··· DATA LISTING

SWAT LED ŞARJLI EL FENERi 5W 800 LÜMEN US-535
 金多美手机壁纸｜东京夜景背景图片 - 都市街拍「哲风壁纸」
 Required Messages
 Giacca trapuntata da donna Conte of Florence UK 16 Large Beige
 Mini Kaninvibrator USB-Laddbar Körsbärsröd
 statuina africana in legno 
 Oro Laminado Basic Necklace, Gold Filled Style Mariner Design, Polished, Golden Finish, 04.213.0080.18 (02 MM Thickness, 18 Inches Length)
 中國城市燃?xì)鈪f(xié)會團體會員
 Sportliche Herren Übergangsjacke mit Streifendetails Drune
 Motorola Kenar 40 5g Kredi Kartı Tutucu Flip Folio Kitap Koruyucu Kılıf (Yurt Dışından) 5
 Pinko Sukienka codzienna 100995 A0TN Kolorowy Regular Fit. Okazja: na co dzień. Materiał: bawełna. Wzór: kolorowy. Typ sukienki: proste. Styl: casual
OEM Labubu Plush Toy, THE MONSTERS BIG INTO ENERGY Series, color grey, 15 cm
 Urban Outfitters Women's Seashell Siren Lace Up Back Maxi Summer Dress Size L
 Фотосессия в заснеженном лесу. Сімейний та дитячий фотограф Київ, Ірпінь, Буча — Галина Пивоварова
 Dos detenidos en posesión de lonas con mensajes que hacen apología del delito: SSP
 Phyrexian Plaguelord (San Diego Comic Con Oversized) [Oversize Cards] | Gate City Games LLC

······

The line containing "Mini Kaninvibrator USB-Laddbar Körsbärsröd" and every line after it, through the last one above, should be written out word for word.

(OUTPUT BELOW):
 Mini Kaninvibrator USB-Laddbar Körsbärsröd
 statuina africana in legno 
 Oro Laminado Basic Necklace, Gold Filled Style Mariner Design, Polished, Golden Finish, 04.213.0080.18 (02 MM Thickness, 18 Inches Length)
 中國城市燃?xì)鈪f(xié)會團體會員
 Sportliche Herren Übergangsjacke mit Streifendetails Drune
 Motorola Kenar 40 5g Kredi Kartı Tutucu Flip Folio Kitap Koruyucu Kılıf (Yurt Dışından) 5
 Pinko Sukienka codzienna 100995 A0TN Kolorowy Regular Fit. Okazja: na co dzień. Materiał: bawełna. Wzór: kolorowy. Typ sukienki: proste. Styl: casual
OEM Labubu Plush Toy, THE MONSTERS BIG INTO ENERGY Series, color grey, 15 cm
 Urban Outfitters Women's Seashell Siren Lace Up Back Maxi Summer Dress Size L
 Фотосессия в заснеженном лесу. Сімейний та дитячий фотограф Київ, Ірпінь, Буча — Галина Пивоварова
 Dos detenidos en posesión de lonas con mensajes que hacen apología del delito: SSP
 Phyrexian Plaguelord (San Diego Comic Con Oversized) [Oversize Cards] | Gate City Games LLC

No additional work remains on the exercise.